● AIM OF THE TASK
The answer should hold only the lines from the one containing "a kitchen with stainless" through the one containing "a kitchen with red" in the entries below, copied exactly, without pictures.

● Brief descriptive captions
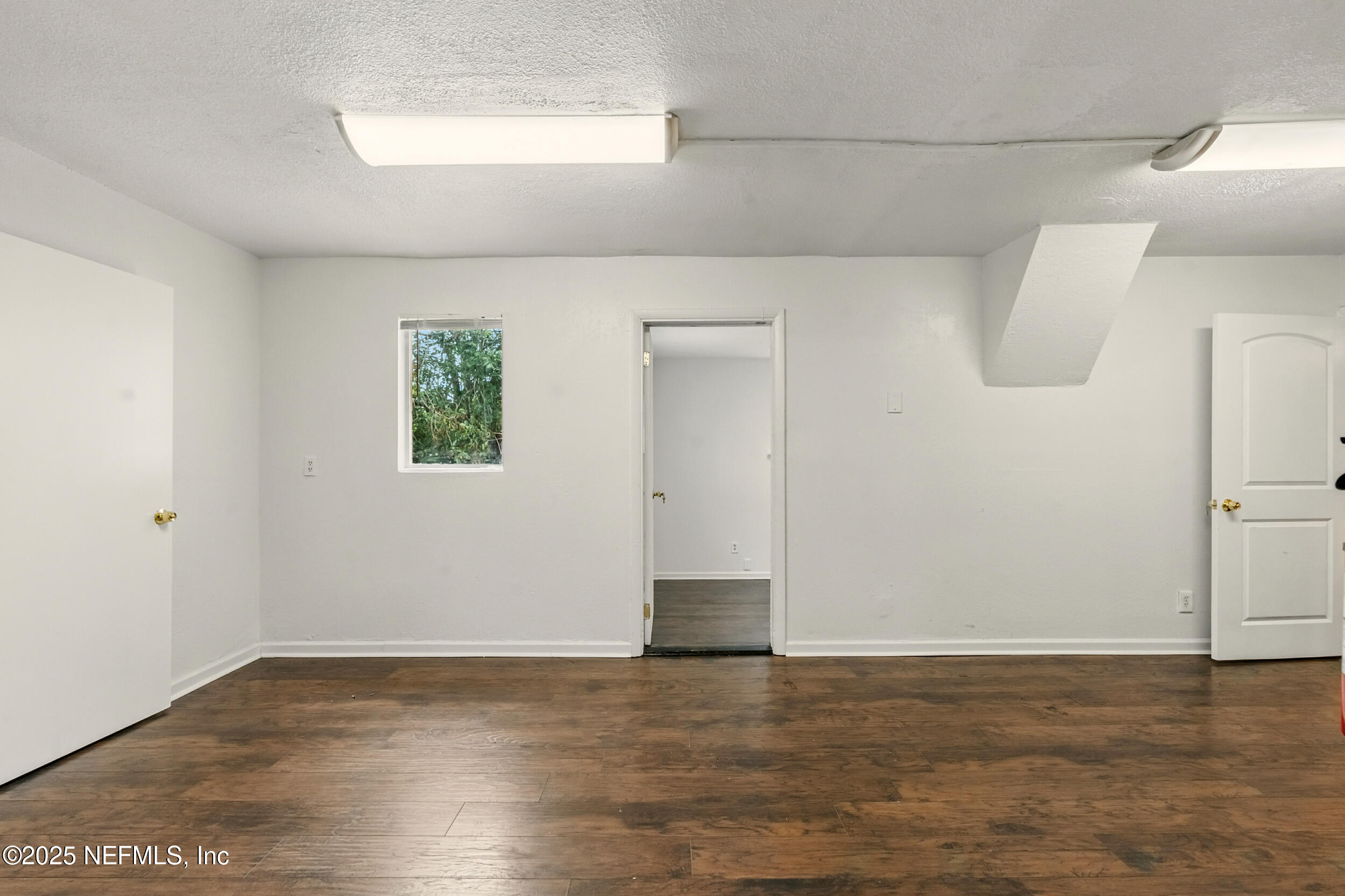 7120 Merrill Road Jacksonville, FL 32211 - Photo 11 of 60 a view of a room with wooden floor and cabinet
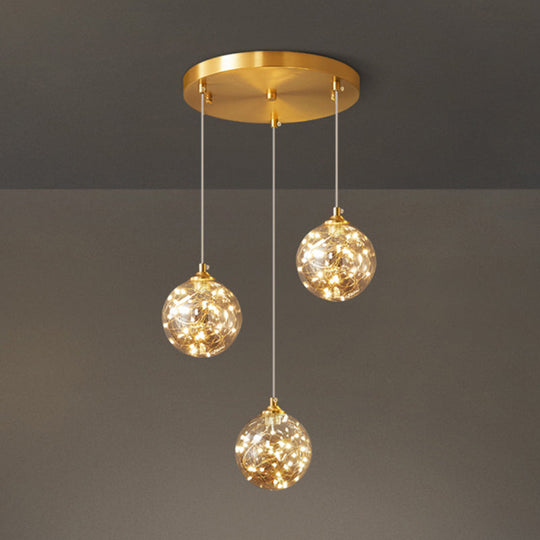 Nordic Amber Glass LED Pendant Lamp with Brass Finish and Starry Design for Bedroom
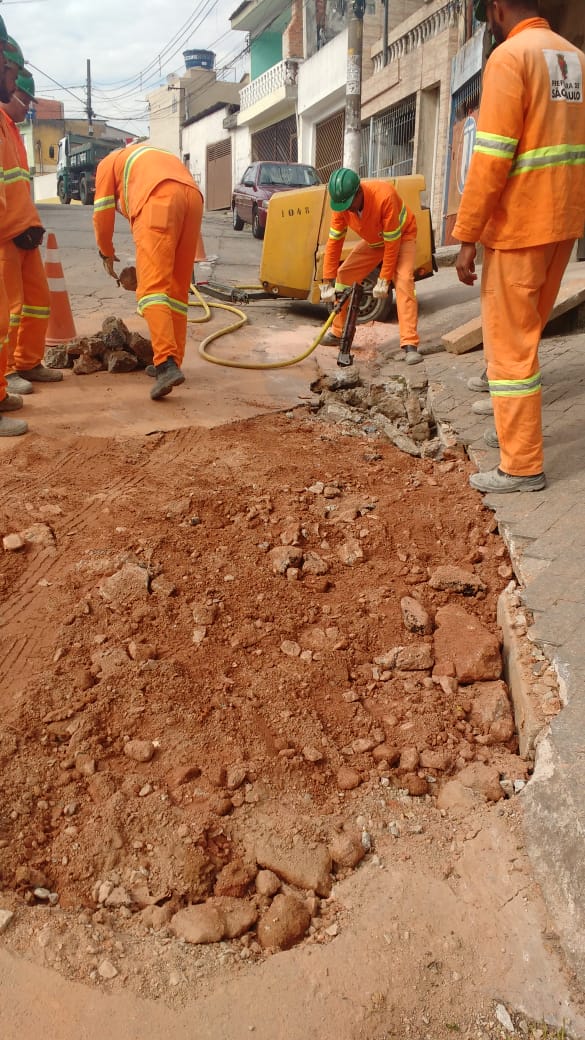 #PraCegoVer - Quatro trabalhadores da Subprefeitura abrem o piso da rua para iniciar a construção de sarjeta e assentamento de novas guias.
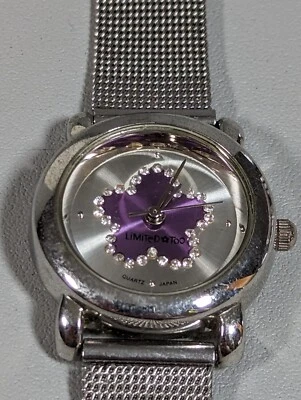 紫色星星表盘圆形银色表壳网眼不锈钢表带手表 — 第 1/4 张图片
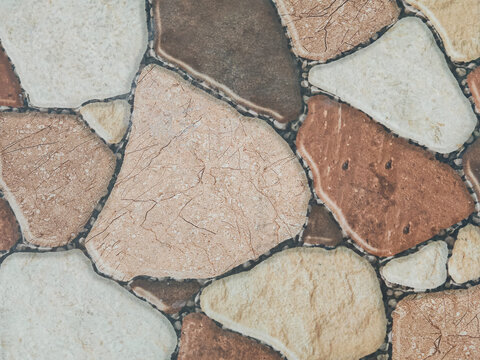 view of natural stone mosaic tiles in warm beige and brown tones, ideal for interior design, architecture, background textures, and decorative construction material visuals.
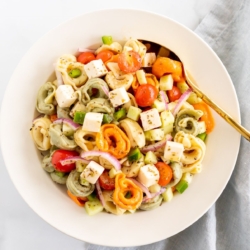 A white serving bowl full of tortellini pasta salad, gold serving spoon on the side.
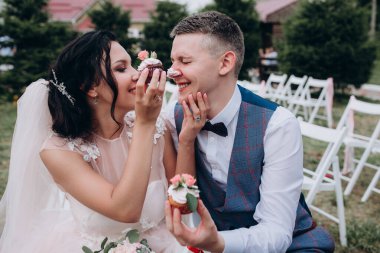 Mutlu genç gelin ve damat çifti lezzetli kekler yiyor.        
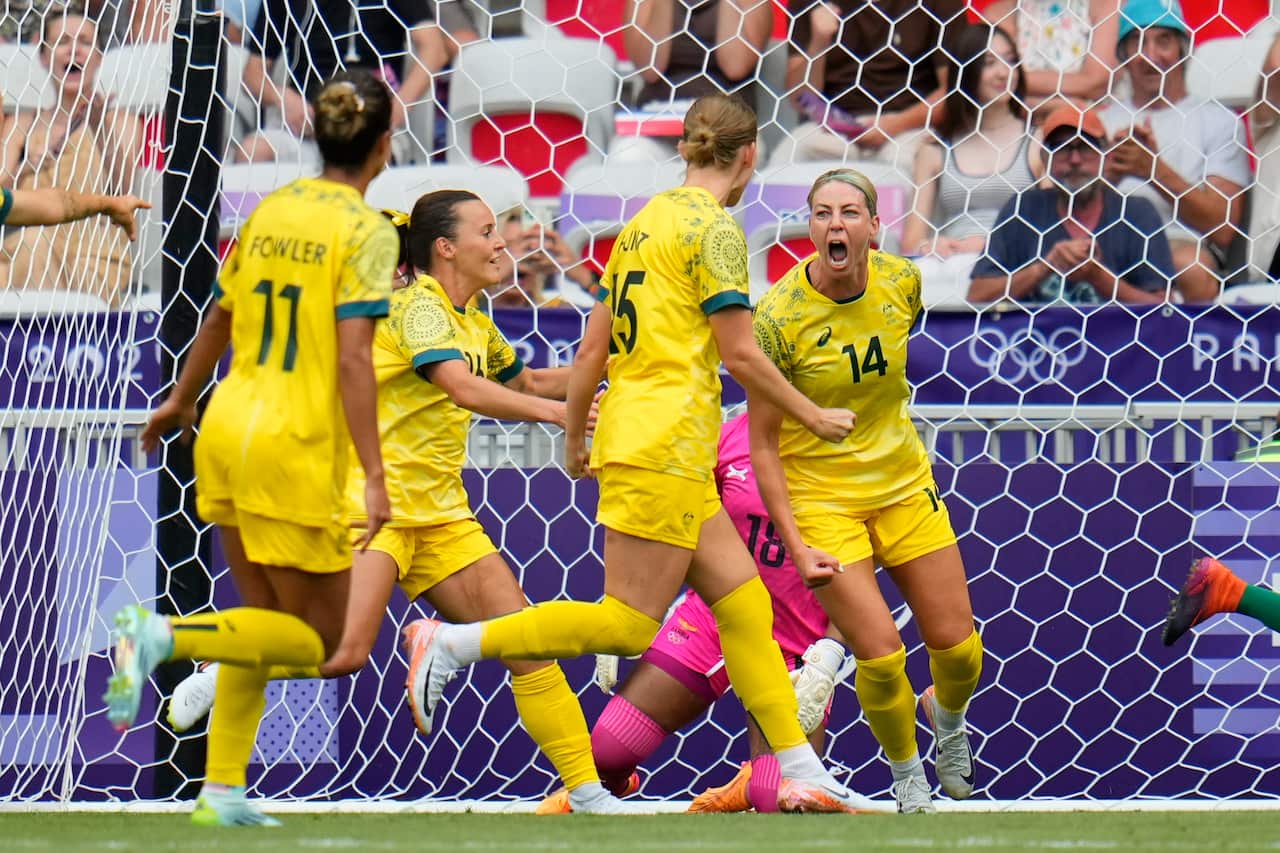 Australia's Alanna Kennedy and her teammates celebrate scoring the opening goal against Zambia.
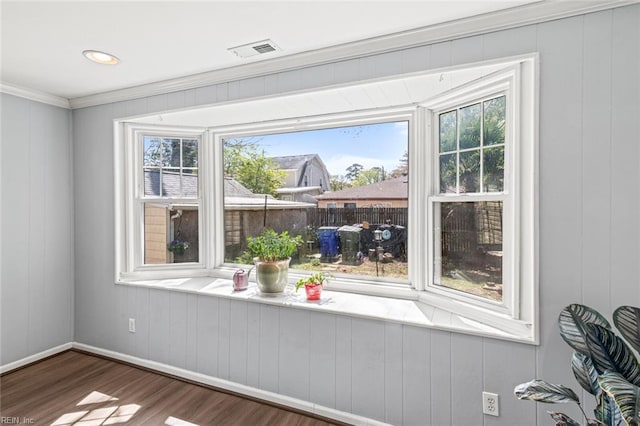 interior space with ornamental molding, visible vents, baseboards, and wood finished floors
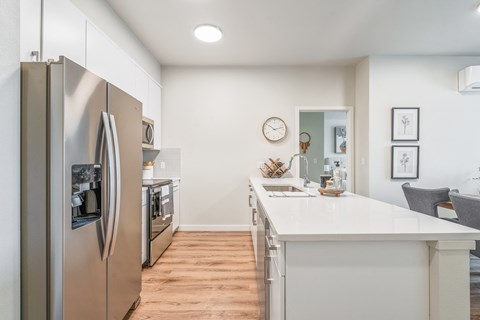 a kitchen with stainless steel appliances and a white counter top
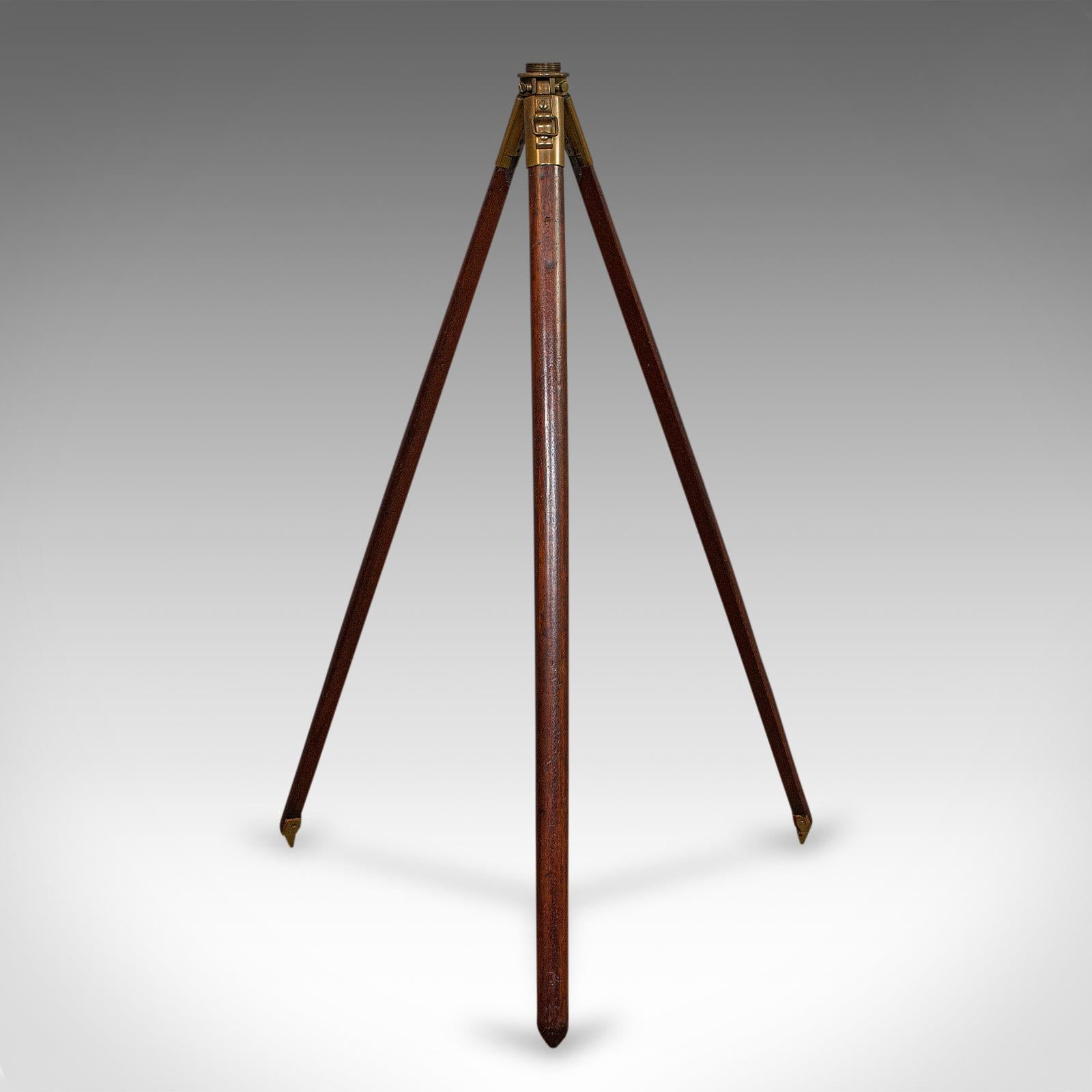 This is a vintage tripod. An English, mahogany and bronze helio, telescope or lamp stand with maker's mark, dating to the mid-20th century, circa 1941.

Displays a desirable aged patina
Mahogany shows fine grain interest
Bronze hardware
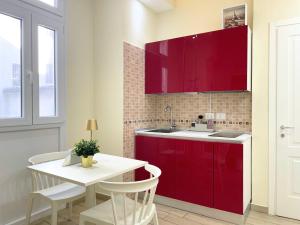 a kitchen with red cabinets and a white table at Dimora dei Mercanti Suites in Turin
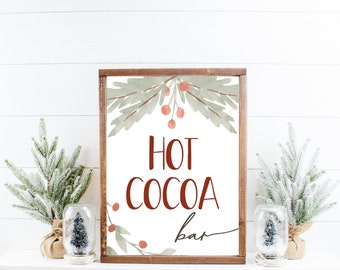 Könnte beinhalten: Ein Holzschild mit weißem Hintergrund und einem grün-roten Aquarelldesign aus Stechpalmenblättern und Beeren. Das Schild trägt die Aufschrift "Hot Cocoa Bar" in roten Buchstaben.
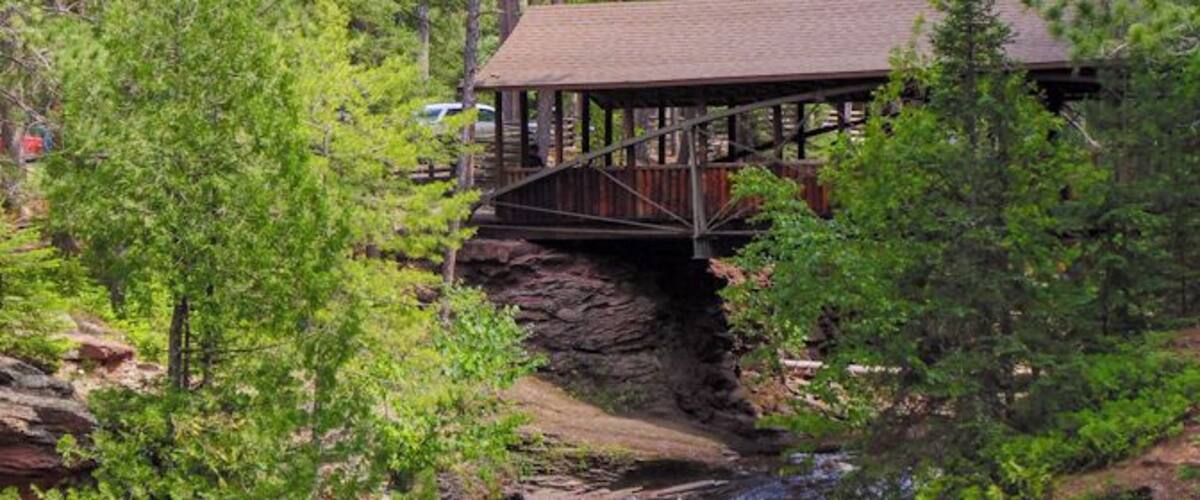 A wooden bridge over a river with a waterfall, surrounded by dense green trees.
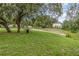 Scenic community park with mature trees, picnic benches, and walking paths, offering a serene outdoor space at 16103 Denham Ct, Clermont, FL 34711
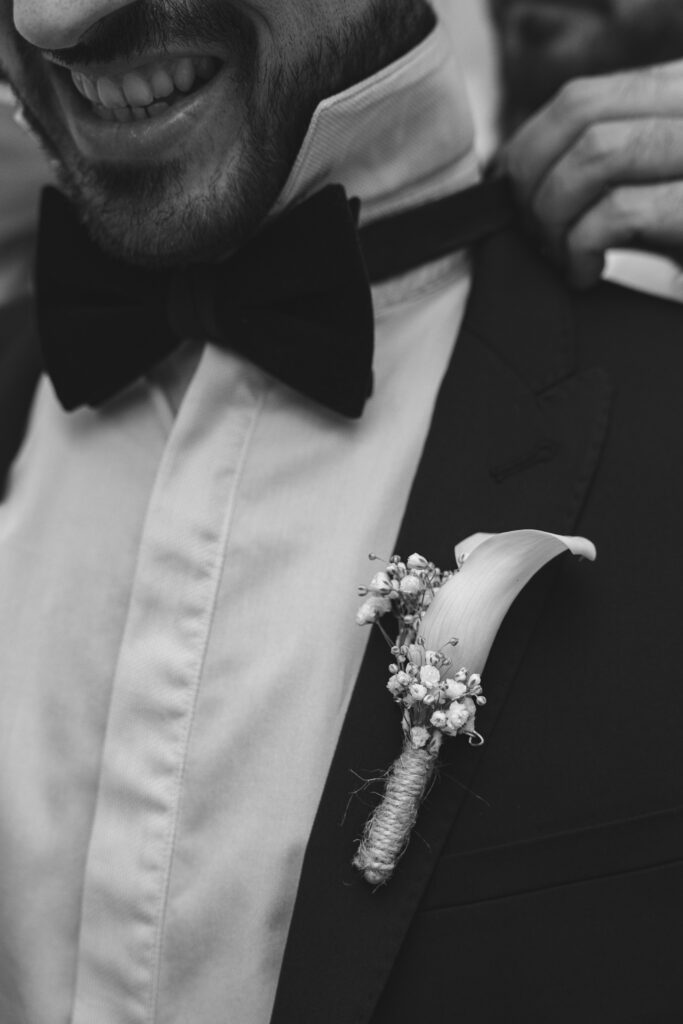 photographie en noir et blanc d'un invité de mariage se faisant mettre un nœud papillon avant la cérémonie.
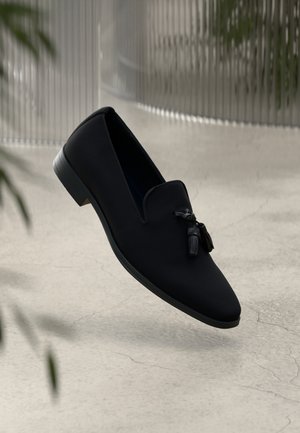 Schwarze Slipper mit einem glatten Obermaterial, spitzem Zeh und dekorativen Quasten. Verfügt über einen niedrigen, abgerundeten Absatz und ein minimalistisches Design.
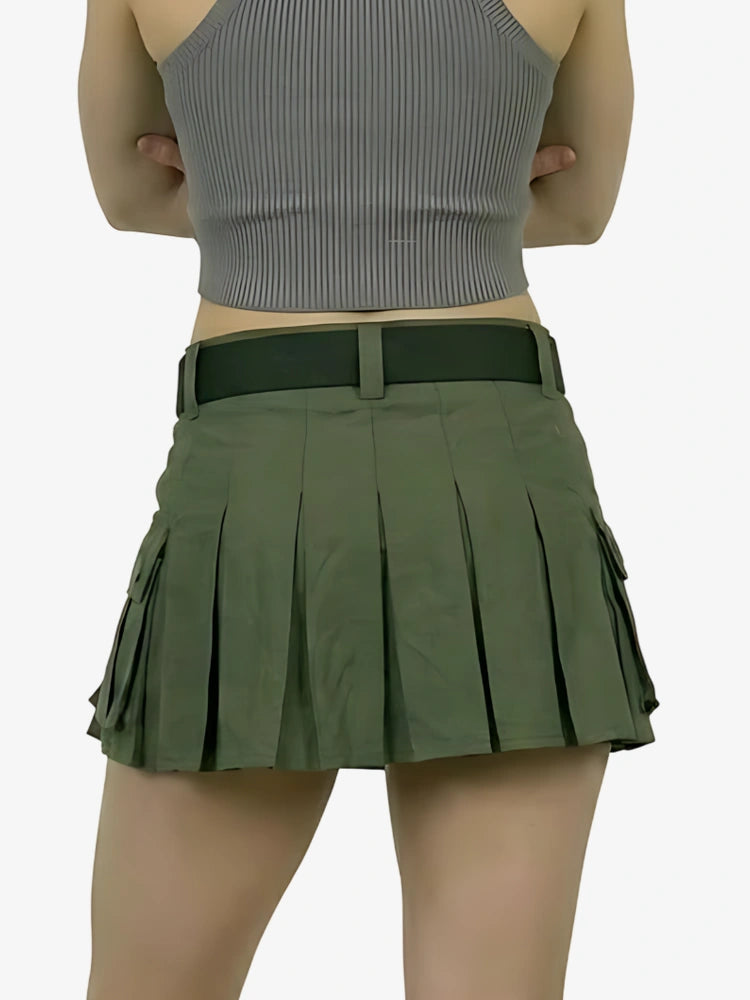 Green pleated skirt worn by a person on a white background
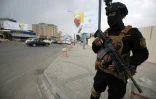 Un membre des forces spéciales irakiennes devant l'église syriaque catholique Notre-Dame de la Délivrance, avant l'arrivée du pape François à Bagdad, le 4 mars 2021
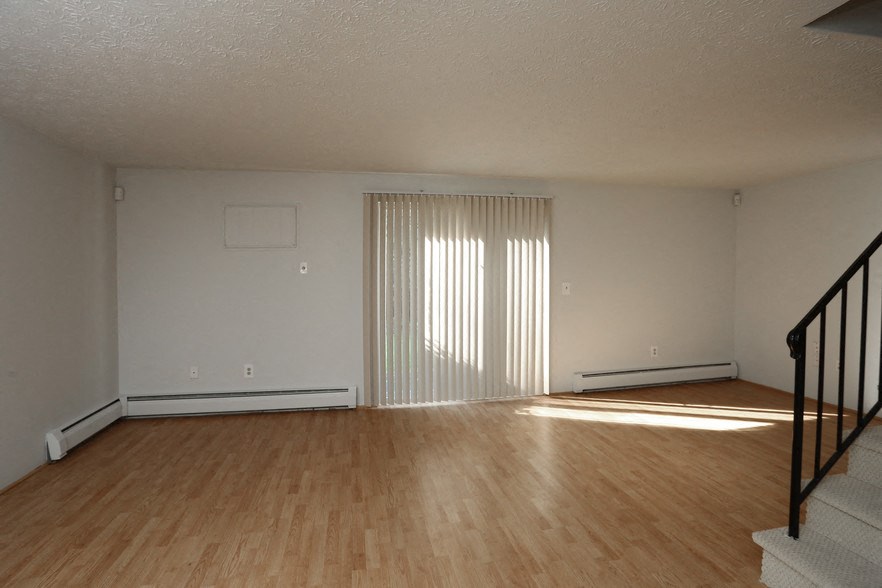 the living room and dining room of an apartment with wood flooring and white walls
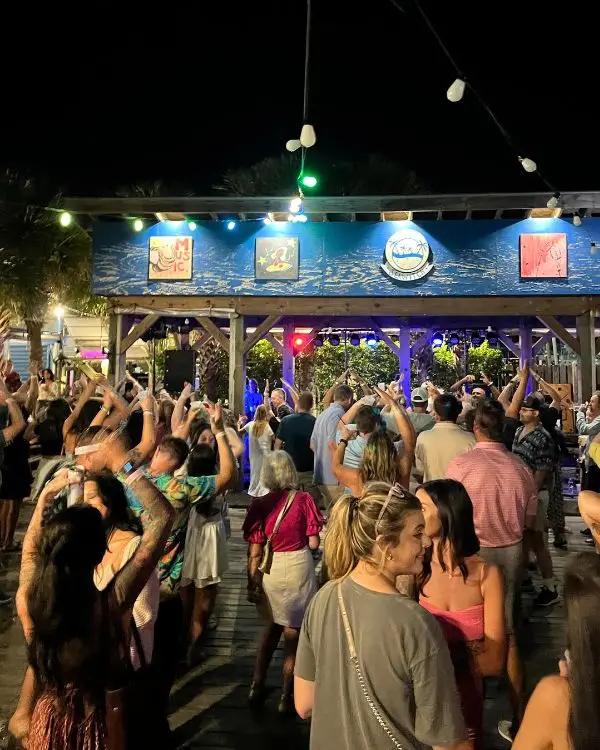 People dancing with their hands up at night time at SeaWitch bar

● ANSWER TO THIS TASK
 a kitchen with stainless steel appliances and a white counter top
 This is a vintage tripod. An English, mahogany and bronze helio, telescope or lamp stand with maker's mark, dating to the mid-20th century, circa 1941.

Displays a desirable aged patina
Mahogany shows fine grain interest
Bronze hardware
 a kitchen with red cabinets and a white table at Dimora dei Mercanti Suites in Turin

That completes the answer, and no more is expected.